By logging hyper-specific personal information, about what booths you have visited at a trade show, for example, businesses will increasingly trade you their data for your data. 

What's the Latest Development?

Thanks to wearable microchips, the kind of personal data we are willing to frequently share has reached a new level. At the recent Coachella festival, for example, attendees were given chip-embedded armbands in place of paper tickets. In addition to being hard-to-fake entry passes, the armbands automatically updated the Facebook status of some 30,000 festival attendees, explaining what they were doing or who they were seeing perform. Similar technology is being used by Tagstand, a Y Combinator-funded start up, to exchange personal data for cocktail recipes. If you like the drink you've been served at the bar, you can get the recipe.

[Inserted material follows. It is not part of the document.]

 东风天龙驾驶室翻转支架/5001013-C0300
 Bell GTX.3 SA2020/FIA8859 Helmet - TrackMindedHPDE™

You just have to trade some of your personal data. 

What's the Big Idea?

Tagstand's idea to trade personal data for a tangible return, e.g. a cocktail recipe, represents the emergence of a coming discovery-based economy, says Kit Eaton. "We're not talking about a privacy-violating sharing experience," but a more user-friendly approach to the current system, where a lot of personal data is being shared without compensating those who supply the information. Music festivals, because they are a shared experience to begin with, have been the first to take up the cause. But in the future, says Eaton, we can expect the trend to spread, where data swaps create a digital barter economy.